Medical Reserve Corps' volunteers underwent stop-the-bleed, triage, and disaster preparedness training to improve victim survival of a mass casualty event. Volunteer responses to 16 disaster vignettes were recorded as 'survived' if correct, or 'died' if incorrect. Volunteers' characteristics were evaluated based on the health outcomes of the vignette victims via logistic regression. Overall, 69 volunteers evaluated 1104 vignette victims. STB training significantly improved survival from 77.2% to 93.2% (P < 0.001).

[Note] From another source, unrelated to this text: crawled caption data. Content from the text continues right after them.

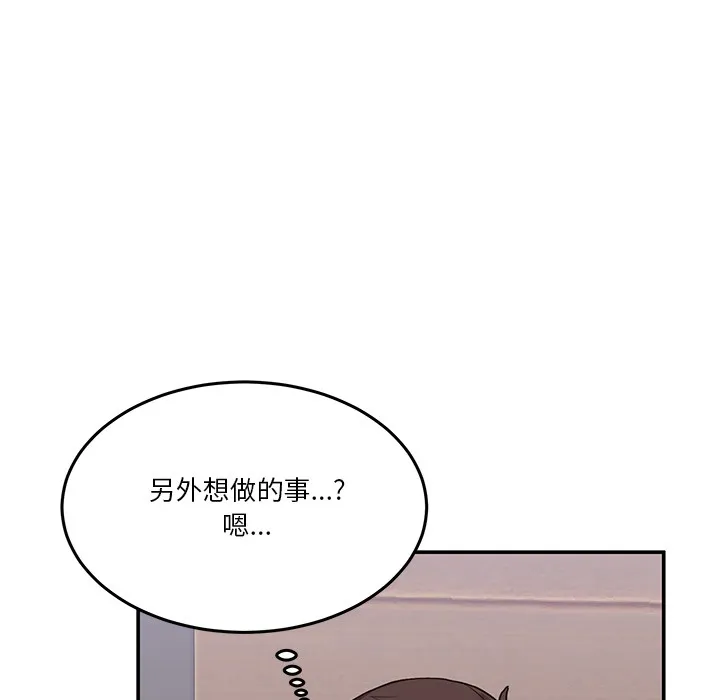 男人止步 - 第1话 - page 256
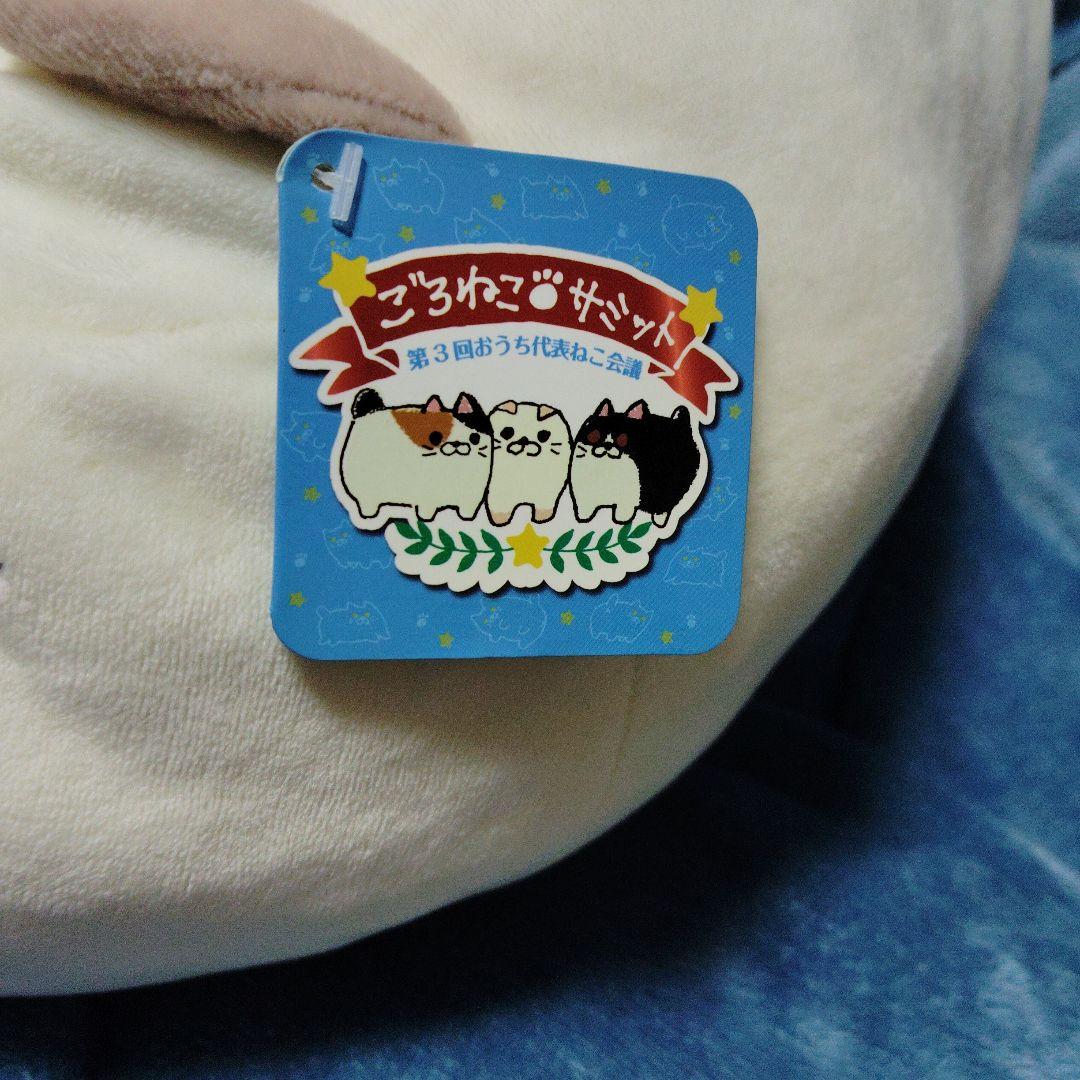 新品「ごろねこサミット 第1回おうち代表ねこ会議」ぬいぐるみ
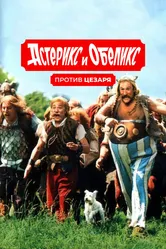 Астерикс и Обеликс против Цезаря 1999 постер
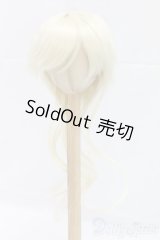 9-10inch/ウィッグ/インチ　BJD　MJD　ドール用 I-26-01-04-193-KD-ZI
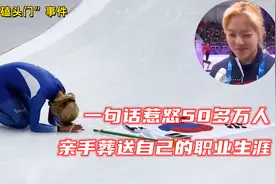一句话惹怒50万民众，亲手毁掉自己职业生涯，韩国谈什么体育精神视频封面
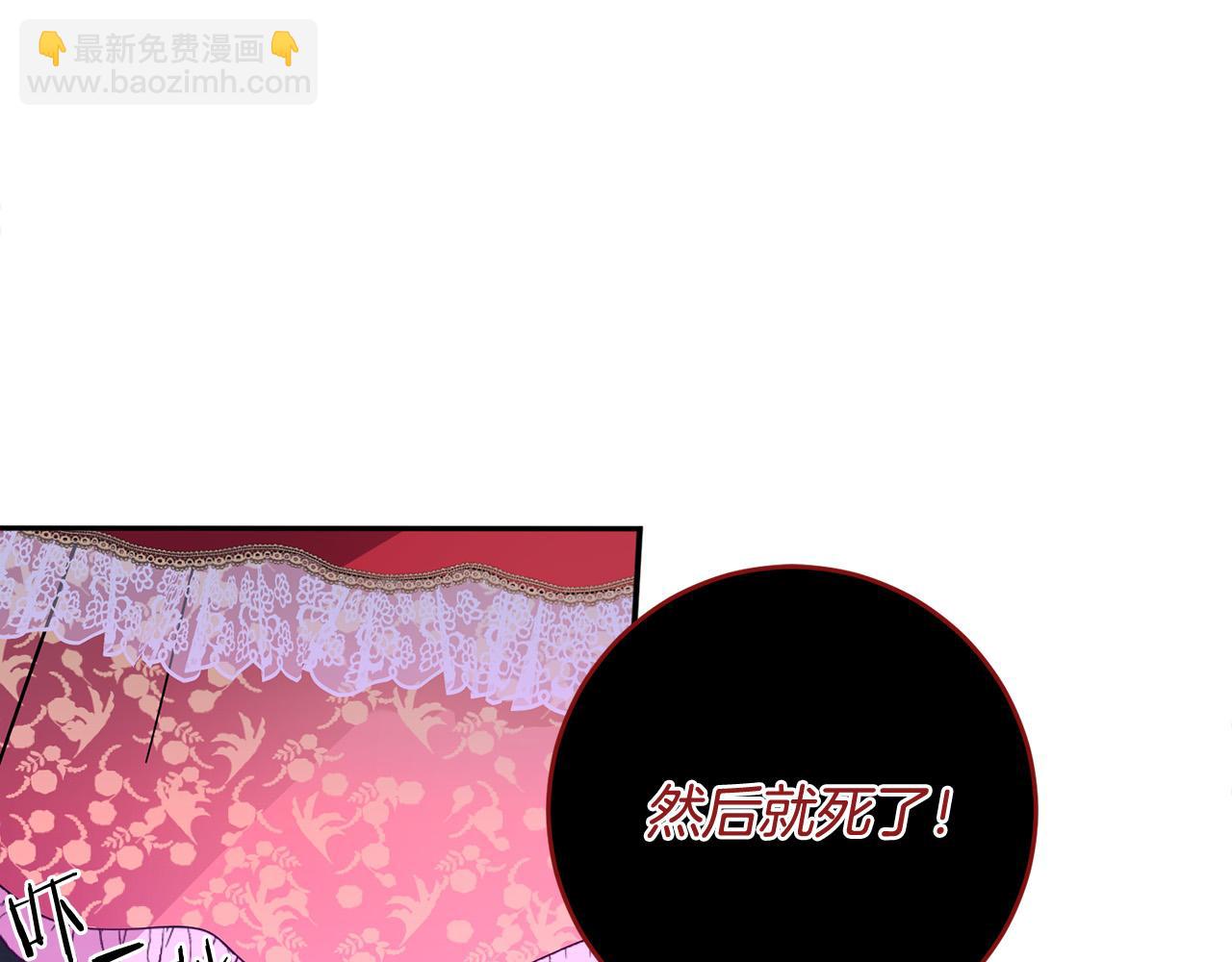 第47话 为什么要毁灭世界？(1/4)-第48话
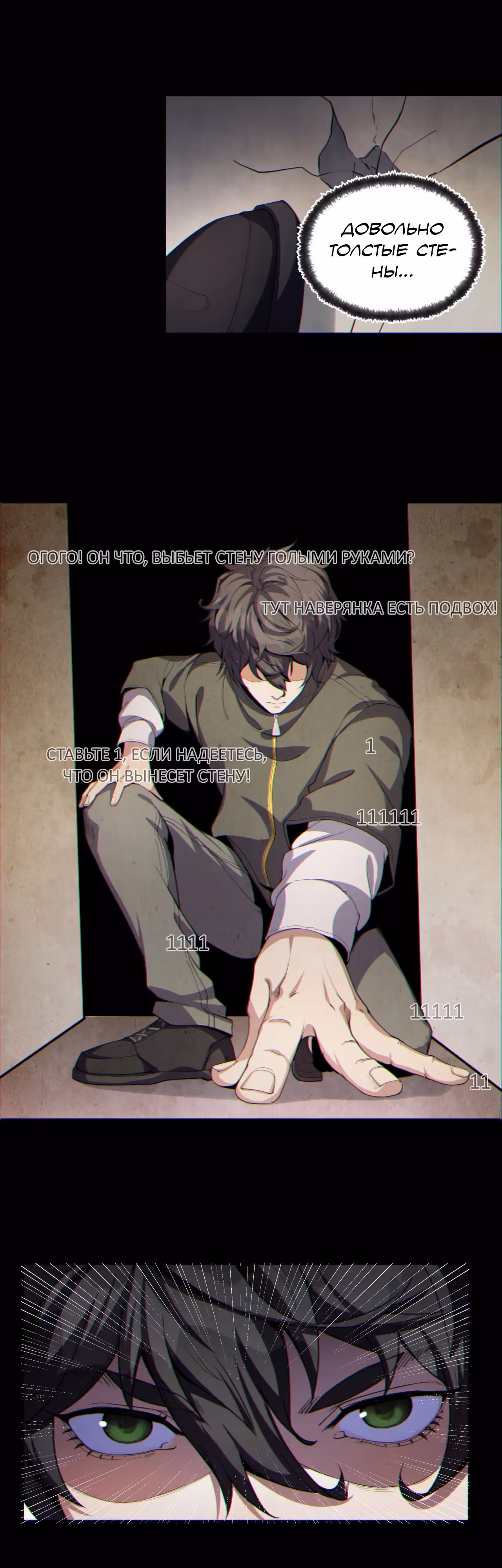 Никакой расшифровки, серьёзно? — Том 1 · Глава 13, страница 18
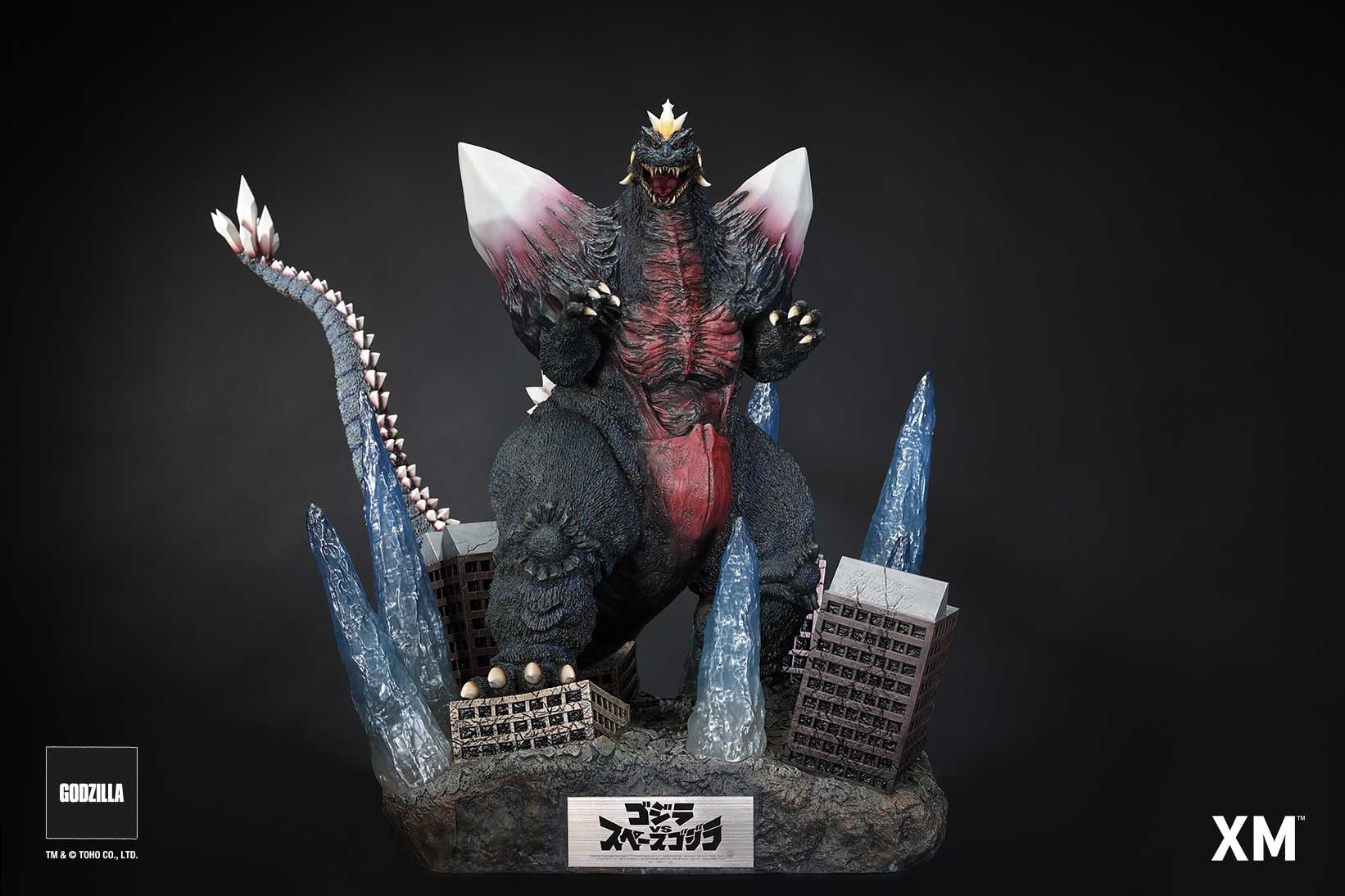 Gojira vs. Space Gojira - Space Gojira - Ver B (XM Studios)
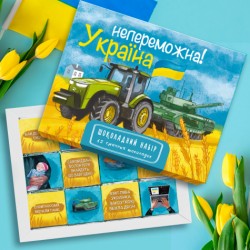 Шоколадный набор "Непереможна Україна"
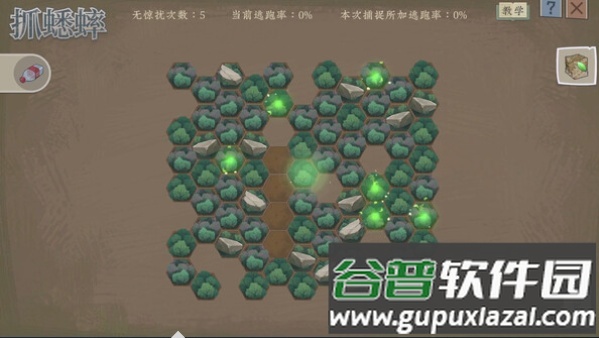 沉默的蟋蟀游戏(蛐蛐也疯狂)截图2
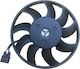 Radiator Fan Motor+Impeller 1.0 Petrol 500w 360mm Seat Mii 12 1s0959455d 1 Pc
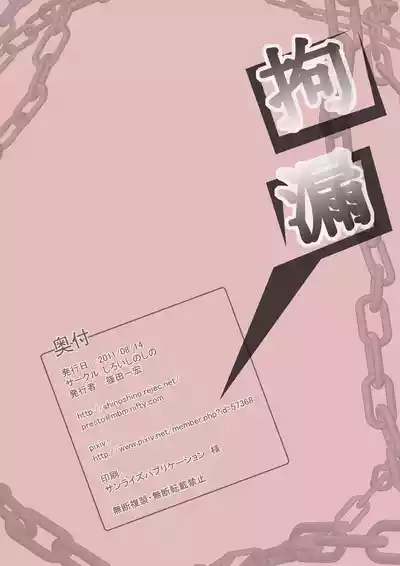 第18頁圖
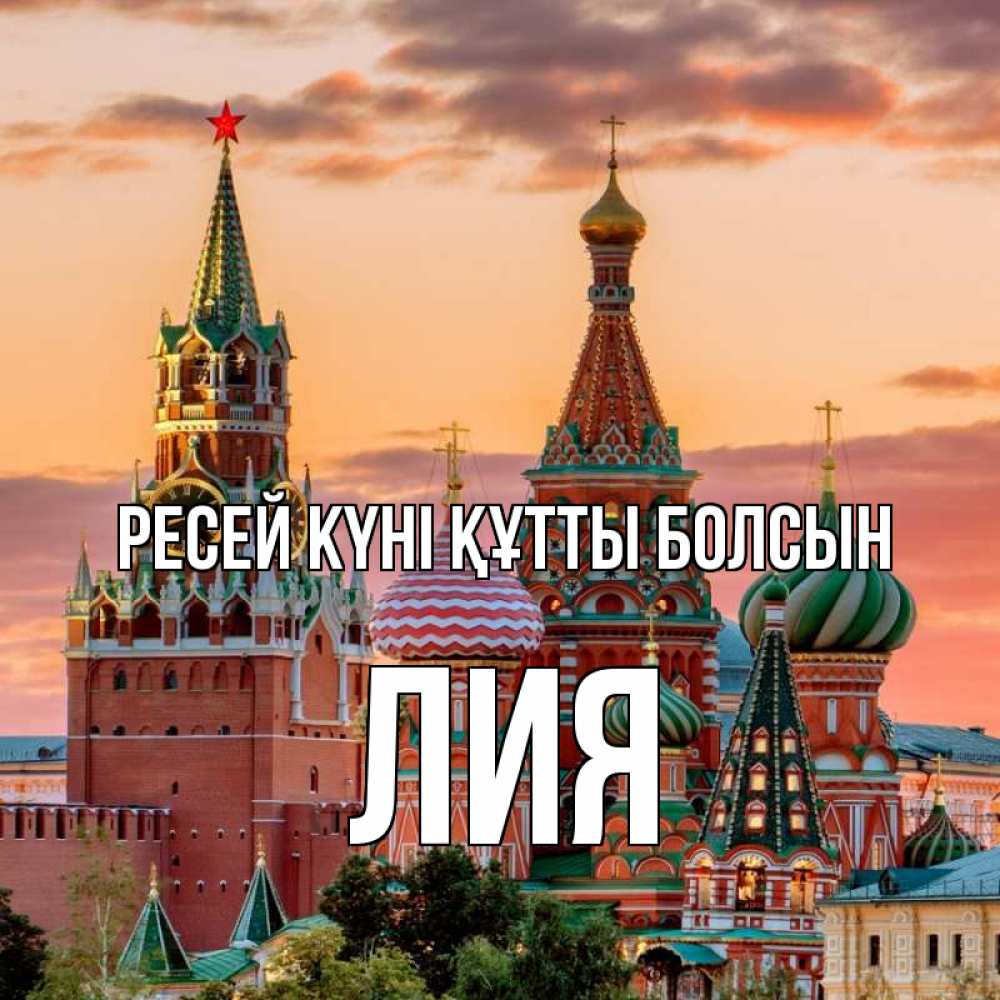 Күн сайын ашық хат с именем, Лия Ресей күні құтты болсын С днем России Онлайн тегін жүктеп алу тілектері бар керемет карта 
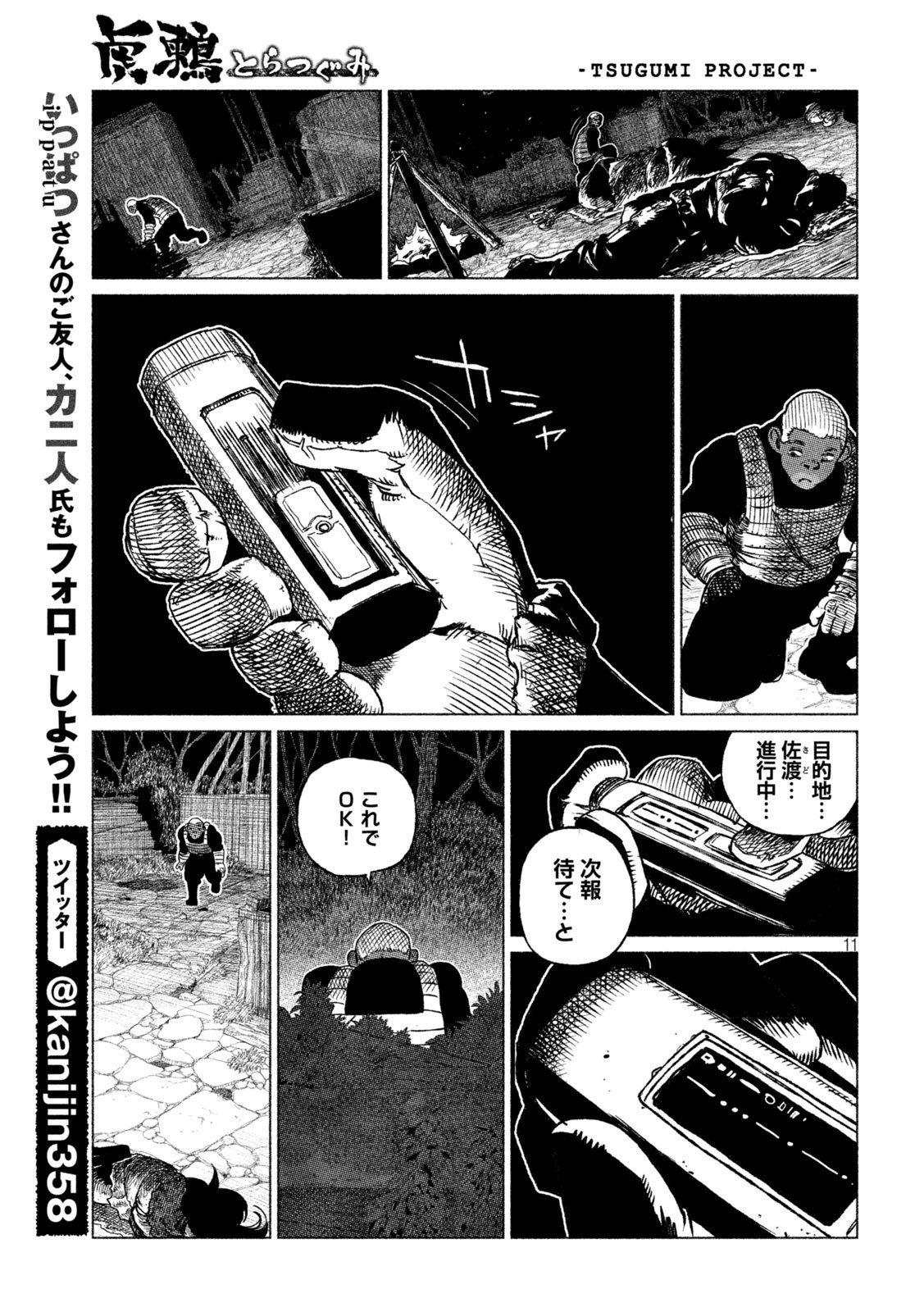 Tsugumi Project Chap 31 - Next Chap 32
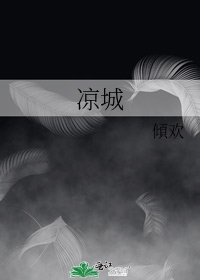 涼城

The training did not improve disaster preparedness (75.5% to 73%) nor triage (33.5% to 35.1%). Volunteer first care provider training in psychological first aid improved victim survival from 10.32 (9.6 - 10.9, 95% CI) to 11.9 (11.28 - 12.5, 95% CI). The odds of survival increased when disaster victims received first care from a volunteer who had a positive perception of the public authority's truthfulness (1.50, range 1.07 - 2.10); stated a willingness to volunteer (1.65, range 1.2 - 2.26); completed psychological first aid training (1.557, range 1.08 - 2.22); or had 4-or-more years of post-secondary education (1.30, range 1.00 - 1.701). Psychological first aid training should be a basic requirement for disaster volunteers. Trust in public authority to provide protective public health recommendations increases disaster survival.